Upgrade crystallized for me how I feel about the work of Blake Crouch: he does what he does very well (breezy commercial fiction with a scientific angle, like a less-dense Michael Crichton), but what he does is not for me. I found myself craving a meatier story that was more willing to sacrifice action and thrills in exchange for ethics and philosophy. I will fully admit, though, that this is in no way a failing on Crouch’s part. He’s just aiming for an audience that isn’t me.
Upgrade concerns Miriam Ramsay’s son, Logan. His mother is dead by suicide following The Great Starvation, and he now works for the government, hunting down those who tamper with genetic code. An explosion during a raid infects him with something that changes his genome, and he soon becomes a sort of superhuman—faster, smarter, speed reader, perfect memory, etc. These upgrades implicate him in a devious plan in which the future of humanity is at stake.
Upgrade is light and readable. Honestly, it’s a bit too readable for my preferences. It moves at a quick clip, there’s plenty of action, and if you choose to experience this story in print or ebook format, frequent line-breaks (often after individual words) will draw your eye down the page. I personally want more friction in my prose, but if the writing style I’m describing works for you, Crouch handles it well and you will likely have a good time with Upgrade. Frankly, it’s fun!
The characters are sympathetic and feel appropriately complex for this story. Logan could step comfortably into the shoes of any generic action hero; he’s not particularly memorable, but I didn’t mind spending several hundred pages with him, which is ultimately how I would frame the book as a whole. His foil, the antagonist, was suitably compelling, with a motivation that made sense. (Anyone else find themselves relating more to villains as they get older? Just me?)

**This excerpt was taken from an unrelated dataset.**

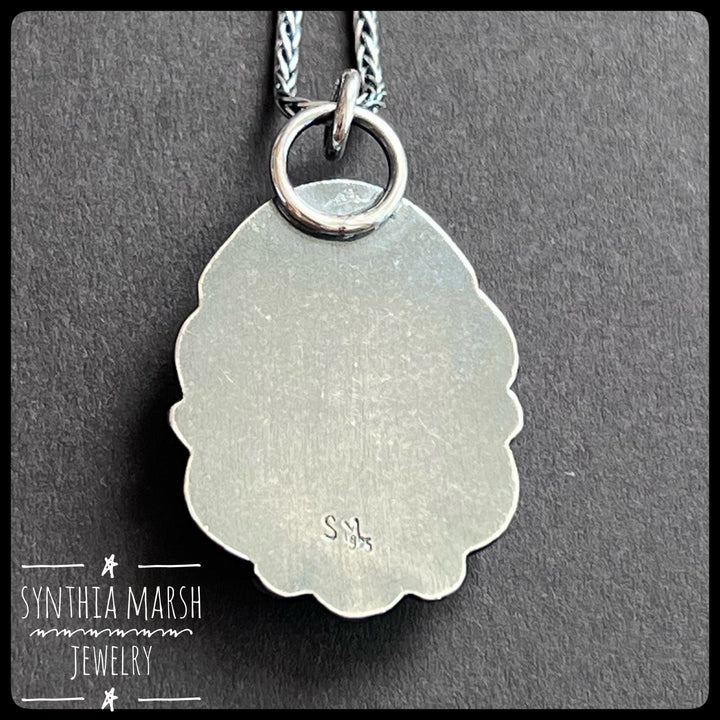 Michigan Petoskey Stone Pendant ~ Sterling Silver ~ Made in Michigan ~ Upper Peninsula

I thought the twist—as in, the devious plan that Logan eventually tries to stop—was actually quite clever, and unlike anything I’ve encountered before. It raises all sorts of questions about the nature of humanity and how best to confront the most pressing problems of our time. I don’t know if it makes sense from a scientific perspective, nor do I care; it works from a narrative and thematic perspective, and that’s what matters to me. Upgrade has ideas that pop off the page.
Your appreciation of Upgrade will depend more upon how you like your stories told than what you like your stories to contain. I was interested in much of the content here, but this feels only a few degrees removed from a script for an action movie, and that doesn’t appeal to me as a reader. Your mileage may vary! I will certainly check out Crouch again, but my expectations will be in alignment with popcorn entertainment, and I will happily recommend him to the right reader.